Now there are also some security factors that come in to play here as well, but ill get back to that in a later blogpost. Now I want to show some of the differences and latest changes between the 3 providers from an IaaS perspective (More of the comparison is within the slidedeck)


Much is the same between the 3 different vendors, of course, there is a big difference when it comes to IaaS backup and DR features, where Microsoft is the only vendor which clearly has a big focus on this space since they provider DR between multiple clouds and also from on-premises as well. They also have better migration options using Azure Migrate (combined with ASR as well)


When it comes to Disk performance, Google is in a class of its own. Of course, Google has built the Google file system and therefore has a lot of experience in this field. Azure is lacking in this area when it comes to both performance and size in general.

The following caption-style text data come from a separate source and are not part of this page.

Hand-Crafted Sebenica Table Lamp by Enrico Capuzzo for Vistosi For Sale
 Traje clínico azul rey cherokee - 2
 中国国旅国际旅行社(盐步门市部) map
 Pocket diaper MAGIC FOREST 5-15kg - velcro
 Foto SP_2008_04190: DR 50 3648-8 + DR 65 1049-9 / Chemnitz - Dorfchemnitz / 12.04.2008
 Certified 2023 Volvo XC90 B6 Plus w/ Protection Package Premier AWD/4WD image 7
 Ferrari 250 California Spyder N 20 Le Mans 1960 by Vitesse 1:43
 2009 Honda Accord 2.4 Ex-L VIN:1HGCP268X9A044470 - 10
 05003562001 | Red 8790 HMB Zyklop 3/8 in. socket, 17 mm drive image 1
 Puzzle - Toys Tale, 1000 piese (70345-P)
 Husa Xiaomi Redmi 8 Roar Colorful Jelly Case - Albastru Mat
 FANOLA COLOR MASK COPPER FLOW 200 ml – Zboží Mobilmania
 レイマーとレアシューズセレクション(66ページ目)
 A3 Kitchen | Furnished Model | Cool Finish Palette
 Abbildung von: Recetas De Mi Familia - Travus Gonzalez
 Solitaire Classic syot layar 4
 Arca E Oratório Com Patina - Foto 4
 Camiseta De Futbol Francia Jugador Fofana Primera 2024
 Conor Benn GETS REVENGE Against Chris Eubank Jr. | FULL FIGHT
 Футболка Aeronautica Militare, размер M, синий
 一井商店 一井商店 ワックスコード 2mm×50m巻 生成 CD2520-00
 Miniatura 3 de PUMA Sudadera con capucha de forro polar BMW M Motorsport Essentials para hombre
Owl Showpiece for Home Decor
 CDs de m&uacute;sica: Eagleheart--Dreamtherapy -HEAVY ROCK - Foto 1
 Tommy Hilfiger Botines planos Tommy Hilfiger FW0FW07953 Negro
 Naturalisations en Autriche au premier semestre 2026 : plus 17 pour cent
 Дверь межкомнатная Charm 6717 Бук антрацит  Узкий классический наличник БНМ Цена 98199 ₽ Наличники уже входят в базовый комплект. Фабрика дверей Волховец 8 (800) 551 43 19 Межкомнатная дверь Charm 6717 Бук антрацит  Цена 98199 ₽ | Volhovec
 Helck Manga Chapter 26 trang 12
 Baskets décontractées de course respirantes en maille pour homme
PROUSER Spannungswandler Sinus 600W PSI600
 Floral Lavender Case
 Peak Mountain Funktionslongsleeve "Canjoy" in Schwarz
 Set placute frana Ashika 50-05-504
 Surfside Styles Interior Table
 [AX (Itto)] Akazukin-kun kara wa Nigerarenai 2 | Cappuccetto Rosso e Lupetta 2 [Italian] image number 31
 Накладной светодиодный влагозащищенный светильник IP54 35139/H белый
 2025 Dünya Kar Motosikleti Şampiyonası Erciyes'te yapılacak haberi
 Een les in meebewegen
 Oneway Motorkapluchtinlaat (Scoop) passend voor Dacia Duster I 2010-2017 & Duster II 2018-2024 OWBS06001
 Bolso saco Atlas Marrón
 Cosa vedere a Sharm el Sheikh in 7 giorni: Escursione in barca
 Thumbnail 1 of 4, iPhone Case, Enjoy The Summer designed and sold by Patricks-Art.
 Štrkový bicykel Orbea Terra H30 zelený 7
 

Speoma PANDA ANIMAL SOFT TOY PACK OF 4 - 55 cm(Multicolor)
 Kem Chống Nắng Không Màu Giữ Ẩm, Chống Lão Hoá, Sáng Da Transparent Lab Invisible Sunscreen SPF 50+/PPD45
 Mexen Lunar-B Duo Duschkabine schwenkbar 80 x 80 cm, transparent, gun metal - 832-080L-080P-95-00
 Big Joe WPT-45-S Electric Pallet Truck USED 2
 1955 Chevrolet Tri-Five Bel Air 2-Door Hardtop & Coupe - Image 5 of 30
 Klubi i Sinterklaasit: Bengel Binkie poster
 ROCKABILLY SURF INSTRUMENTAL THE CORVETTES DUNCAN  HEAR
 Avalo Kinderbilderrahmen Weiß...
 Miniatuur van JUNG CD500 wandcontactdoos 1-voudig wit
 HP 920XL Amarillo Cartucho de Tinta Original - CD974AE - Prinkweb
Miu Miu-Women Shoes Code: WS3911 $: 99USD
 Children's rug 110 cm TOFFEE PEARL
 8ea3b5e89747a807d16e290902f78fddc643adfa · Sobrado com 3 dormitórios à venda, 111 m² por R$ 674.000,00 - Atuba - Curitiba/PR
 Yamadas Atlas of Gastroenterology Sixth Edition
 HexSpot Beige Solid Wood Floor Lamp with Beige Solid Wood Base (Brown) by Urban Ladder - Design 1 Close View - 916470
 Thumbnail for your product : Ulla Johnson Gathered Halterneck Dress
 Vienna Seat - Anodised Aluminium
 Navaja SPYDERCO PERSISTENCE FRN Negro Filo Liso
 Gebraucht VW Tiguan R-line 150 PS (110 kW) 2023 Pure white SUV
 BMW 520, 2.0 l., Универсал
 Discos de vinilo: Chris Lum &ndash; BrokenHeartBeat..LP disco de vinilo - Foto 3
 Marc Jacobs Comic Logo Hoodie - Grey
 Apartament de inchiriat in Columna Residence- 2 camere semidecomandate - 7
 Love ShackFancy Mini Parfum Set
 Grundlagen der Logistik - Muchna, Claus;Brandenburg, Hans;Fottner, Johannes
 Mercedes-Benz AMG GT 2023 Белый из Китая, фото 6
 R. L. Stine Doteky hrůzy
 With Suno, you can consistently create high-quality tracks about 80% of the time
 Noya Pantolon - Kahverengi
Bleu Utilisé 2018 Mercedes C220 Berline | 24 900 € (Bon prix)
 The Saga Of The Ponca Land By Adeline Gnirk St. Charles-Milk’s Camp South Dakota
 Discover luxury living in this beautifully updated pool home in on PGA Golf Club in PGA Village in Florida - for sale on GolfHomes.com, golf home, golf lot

Now when it comes to pricing (ofcourse pricing differs from region to region, in most cases where I did a price comparsion on straight pay-as-you-go I found that Google is the cheaper option. Of course when it comes to storage cost, AWS is the cheapest option with Azure behind but if we compare the IOPS and troughput we get on the same level there is some major differences between the different vendors.


So when it actually comes to Citrix Support and Public Cloud it is as of now, mostly support for AWS and Microsoft Azure from a provisioning perspective. Of course, they announced a lot of Google support as Synergy so that means that Citrix has 90 days to release some functionality or tech preview of the solution that they announce as well. Another issue with Google is that it as of now doesn’t have support for SD-WAN or Citrix NetScaler. This might be of course in order to get an appliance supported on cloud provider it is a long process to get a custom agent installed which the cloud provider framework uses to communicate with the appliance to get it certified in the marketplace.

Of course, all vendors have built-in identity solution and also (AWS with the latest SSO feature) to provider full SSO against a Citrix FAS environment using SAML. But again Citrix Cloud has some built-in Azure AD support both from a management perspective but also from an end-user perspective.


When it comes to running VDI in Public Cloud, Azure is the only logical choise as of now because of the current licensing restriction. Of course now in Azure you can use both EA and or CSP agreements to setup Windows 10 VDI enviroments in Microsoft Azure.


Now to summarize a bit of the content itself, as of now Microsoft Azure is the logical choice for Citrix deployment in Public Cloud. This also because many of the built-in integrations with Citrix and Azure such as MCS, Intune with NetScaler, Identity for end-users and the management plane but also from a licensing perspective since it allows you to run VDI. Also as mentioned earlier much of the Citrix Cloud backplane is running in Microsoft Azure (both using services such as Service Bus, and other components) but also the NGaaS service also consists of many Points of presence running in Microsoft Azure today. Combine this with customers which has Office365 (which also has better performance running in Microsoft Azure from a client perspective also gives a better performance boost.

AWS on the other hand, we have seen little investment from Citrix as of late. Of course the NetScaler team has been active to have the latest NetScaler AMI available but there hasn’t been alot of new documentation from the XenDesktop team to AWS. Might be because that AWS is focusing alot more on their own offerings with Workspaces and AppStream.

Now lastly I hope and think that Google Cloud will be the next big platform for Citrix, since they had some big announcements on Citrix Synergy and I’m a big fan of Coogle Cloud from a sysadmin perseptive, so just counting down.

Also I want to add some final comments, there are also other vendors which are now coming with support for public clouds from an storage and monitoring persepctive. Such as FSlogix, Liquidware and ControlUp which makes it easier as well to use combined with Citrix in a public cloud scenario.